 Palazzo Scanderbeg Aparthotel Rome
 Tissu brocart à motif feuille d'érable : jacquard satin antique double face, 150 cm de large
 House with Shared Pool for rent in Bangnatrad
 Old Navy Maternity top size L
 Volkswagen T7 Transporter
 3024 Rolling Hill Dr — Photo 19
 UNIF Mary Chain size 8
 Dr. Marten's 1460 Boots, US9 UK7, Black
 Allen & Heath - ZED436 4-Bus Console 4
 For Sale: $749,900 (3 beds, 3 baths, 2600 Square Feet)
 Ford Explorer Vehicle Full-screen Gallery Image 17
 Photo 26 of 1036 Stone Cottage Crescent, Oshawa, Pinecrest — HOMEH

※

▸ **What you need to do**
Retype the lines from the one containing "Allen & Heath - ZED436 4-Bus Console 4" through the last line of the records. Leave out everything else.

▸ **Task result**
 Allen & Heath - ZED436 4-Bus Console 4
 For Sale: $749,900 (3 beds, 3 baths, 2600 Square Feet)
 Ford Explorer Vehicle Full-screen Gallery Image 17
 Photo 26 of 1036 Stone Cottage Crescent, Oshawa, Pinecrest — HOMEH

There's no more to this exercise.